To assess relationships between GM deficits and cognitive function in AF-MCI participants, partial correlation tests were applied to the VBM-derived regions (see Supplementary Table 1 for residual diagnostics). All analyses were adjusted for age, sex, years of education, BMI, and TIV. After applying false discovery rate correction, results with p values below 0.05 were considered statistically significant.

3. Results
3.1 Demographic Data and Clinical Profiles

The study included 80 individuals with AF (40 AF-MCI and 40 AF-NC) and 40 HCs. The demographic and clinical characteristics are displayed in Table 1. No significant group differences were observed in age, sex, years of education, BMI, or vascular risk factors (all p > 0.05). The distributions of years of education and vascular risk factors (hypertension, diabetes, and dyslipidemia) also did not significantly differ (all p > 0.05). Comparisons of vascular burden indicators, including the congestive heart failure, hypertension, age 75 years, diabetes mellitus, stroke or transient ischemic attack, vascular disease, age 65–74 years, sex [female] category (CHA2DS2-VASc) score and Fazekas score, did not significantly differ between groups (p = 0.353 and p = 0.708, respectively). Compared with those in the AF-NC and HC groups, the total MMSE and MoCA scores in the AF-MCI group were significantly lower. Further analysis of the MoCA subdomains revealed that the AF-MCI group scored significantly lower than both the AF-NC and HCs groups did in terms of visuospatial/executive function, naming, language, memory, and orientation (all p < 0.05). In the attention domain, scores were significantly lower in the AF-NC group than in the HCs group (p < 0.001), while no significant difference was found between the AF-MCI and AF-NC groups (p = 0.429). No significant differences were observed among the three groups in the abstraction domain (p = 0.248).
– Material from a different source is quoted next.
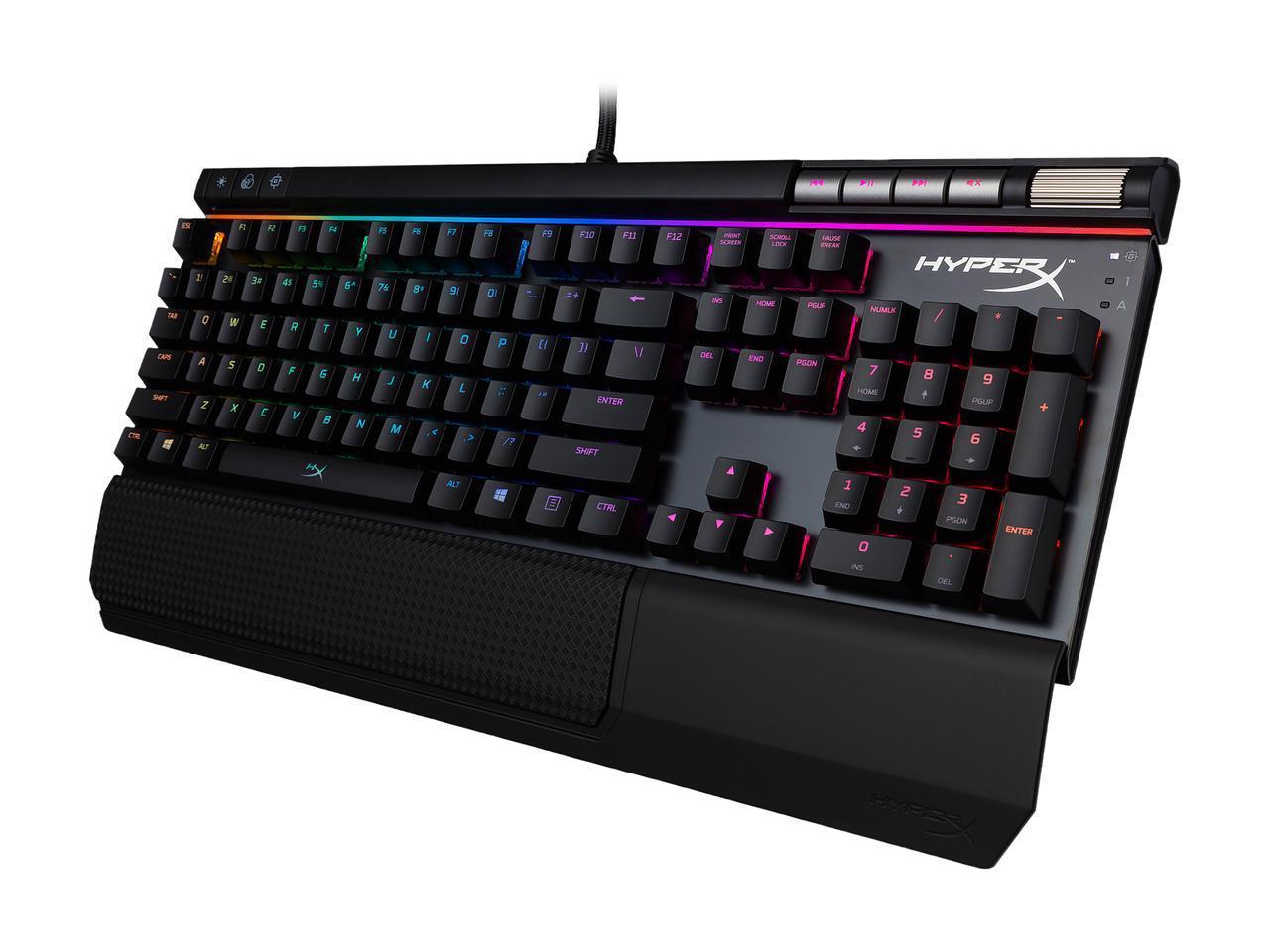 Геймърскa механична клавиатура Kingston HyperX Alloy Elite RGB червени суичове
TIV was also significantly lower in the AF-MCI group than in the AF-NC and HCs groups (p = 0.004 and p = 0.020, respectively).

Table 1. Demographics and clinical characteristics of participants.
AF-MCI AF-NC HCs p LSD Posthoc
(n = 40) (n = 40) (n = 40) AF-MCI vs AF-NC AF-MCI vs HCs AF-NC vs HCs
Age (years) 53.55 ± 10.36 53.50 ± 10.10 52.10 ± 11.52 0.789 0.983 0.545 0.559
Sex (male/female) a 24/16 24/16 21/19 0.736 1.000 0.499 0.499
Years of education 8.90 ± 3.73 9.93 ± 3.36 8.53 ± 3.42 0.186 0.194 0.634 0.077
BMI (kg/m2) 24.33 ± 2.74 24.22 ± 2.37 23.24 ± 2.54 0.116 0.851 0.060 0.089
Smoking (Y/N) a 11/29 13/27 9/31 0.606 0.626 0.606 0.317
Hypertension (Y/N) a 23/17 18/22 17/23 0.355 0.263 0.180 0.822
Diabetes mellitus (Y/N) a 23/17 16/24 17/23 0.237 0.117 0.180 0.820
Dyslipidemia (Y/N) a 14/26 17/23 11/29 0.372 0.491 0.469 0.160
CHA2DS2-VASc score 2.08 ± 1.07 1.75 ± 1.03 1.85 ± 0.98 0.353 0.160 0.329 0.664
Fazekas score 1.23 ± 0.73 1.30 ± 0.52 1.18 ± 0.68 0.708 0.607 0.757 0.412
Medication (Y/N) b 25/15 29/11 0.340
Mini-mental state examination 26.45 ± 1.57 27.65 ± 1.59 27.28 ± 1.54 0.003 <0.001 0.020 0.286
Montreal cognitive assessment 21.50 ± 2.38 27.28 ± 1.20 27.88 ± 1.20 <0.001 <0.001 <0.001 0.114
Visuospatial/executive 3.53 ± 1.15 4.73 ± 0.55 4.58 ± 0.59 <0.001 <0.001 <0.001 0.412
Naming 2.50 ± 0.60 2.83 ± 0.45 2.95 ± 0.22 <0.001 0.002 <0.001 0.216
Attention 4.40 ± 0.96 4.55 ± 0.81 5.28 ± 0.75 <0.001 0.429 <0.001 <0.001
Language 2.15 ± 0.62 2.88 ± 0.33 2.80 ± 0.41 <0.001 <0.001 <0.001 0.477
Abstraction 1.73 ± 0.45 1.88 ± 0.46 1.85 ± 0.36 0.248 0.120 0.194 0.794
Memory 3.28 ± 1.26 4.60 ± 0.63 4.68 ± 0.57 <0.001 <0.001 <0.001 0.703
Orientation 3.95 ± 0.88 5.85 ± 0.36 5.75 ± 0.44 <0.001 <0.001 <0.001 0.460
TIV 1413.08 ± 129.05 1500.23 ± 138.03 1483.49 ± 134.15 0.010 0.004 0.020 0.577

LSD, Least Significant Difference test; BMI, body mass index; Y, yes; N, no; TIV, total intracranial volume.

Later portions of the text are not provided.